Gathered outside the court doors, gasping to light up a fag, was a newly-released defendant and his family group. You could tell who the defendant was because he wore the ill-fitting suit saved specially for weddings, funerals and appearances in the dock.
One of the woman in the group, with smoke streaming out of her nostrils, bellowed at the defendant: "So yous has pled guilty to something you didna do to avoid going to jail."
The defendant inhaled so deeply it looked as if his lungs would burst. Forcing a spout of smoke between his pursed lips, he nodded and muttered: "Yep." A proud grin broke across his features.
So, if he'd pleaded not guilty to something he had not done, he would have gone to jail; if he'd pleaded guilty to something he had done, he would not have gone to jail.

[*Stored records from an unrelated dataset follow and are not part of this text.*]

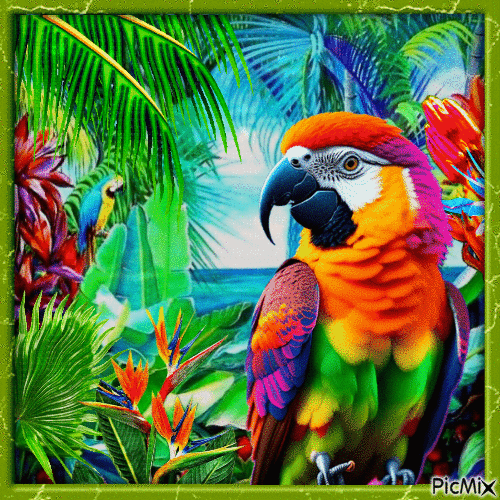 Oiseau  multicolore - GIF เคลื่อนไหวฟรี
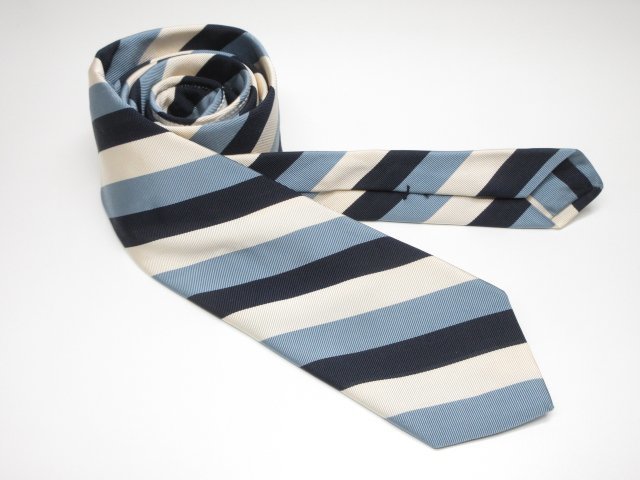 HH 【ブラックフリース ブルックスブラザーズ】 レジメン柄 シルク×コットン ネクタイ (メンズ) ホワイト×ブルー系 USA製 ◎15MM5872◎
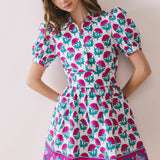 TCEC - CD06754-Floral Puff Sleeve Mini Dress With Border Hem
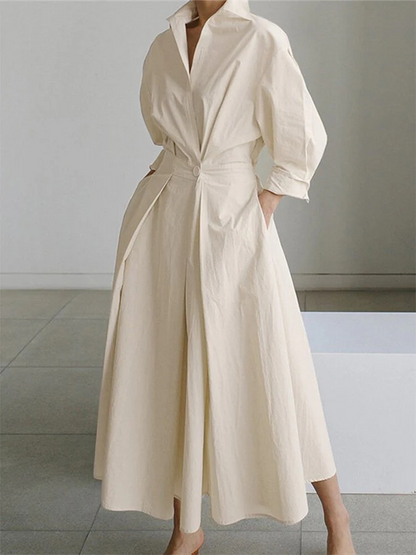 Robe Chemise Manche Longue Pour Femme | Midi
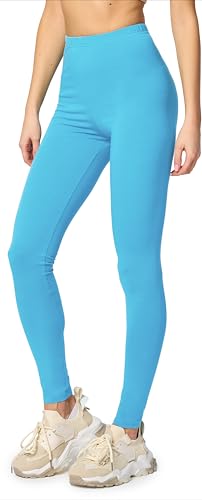 Merry Style Damen Lange Leggings aus Baumwolle MS10-198 (Türkis, XXL) von Merry Style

Sometimes it is very hard to understand the concept of justice.
ON the way to Ray Mallon's crime reduction strategy, I had another brush with something that has been worrying me for weeks: the speed camera on the A66.
Of course, speeding is wrong and it is dangerous - but in an attempt to stop the danger, the speed camera has created a danger all of its own.

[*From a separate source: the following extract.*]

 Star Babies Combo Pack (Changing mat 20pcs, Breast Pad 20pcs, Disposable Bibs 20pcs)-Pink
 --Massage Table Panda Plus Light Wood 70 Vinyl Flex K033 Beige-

The A66 is a fast dual carriageway between Darlington and Middlesbrough. The slowcoaches travel at 65mph, everyone else goes over 70mph, quite a few over 80mph.
Four or five green lay-bys have been built so that the speed camera can theoretically pop up and surprise the speeders. But every regular driver knows that only two lay-bys are ever used: one on the westbound carriageway between the two Long Newton turn-offs, the other opposite on the eastbound.
So everyone comes careering around the bend into the Long Newton stretch and then, seeing where the camera is, slams on their brakes. Then, they all feel compelled to pull over and form an orderly queue in the inside lane.
You can tell the newcomer to the district: seeing the traffic part in front of him like the Red Sea, he puts his foot down and speeds off joyfully - only to spot the camera at the last second, causing him to brake violently and head towards the inside lane.
Last Wednesday morning, all the slowing down and pulling over caused a couple of tall lorries to sway dangerously, two horns to blow angrily, one finger to shoot up aggressively. Everyone was nose to tail at 59.5mph.
And, as soon as the tyres cross the last of the gradation lines on the road that means the car is beyond the camera's short-sighted eye, the vehicles are back to 70mph and beyond as the drivers try to make up those crucial seconds lost when they were crawling beneath 60mph.
If anyone else erected a device by the roadside which caused people to pull over and slow down - say, a TV showing a porn channel for the men drivers - they'd be ordered to remove it because it was a traffic hazard. A single speed camera, though, is perfectly legal even though it is just as dangerous.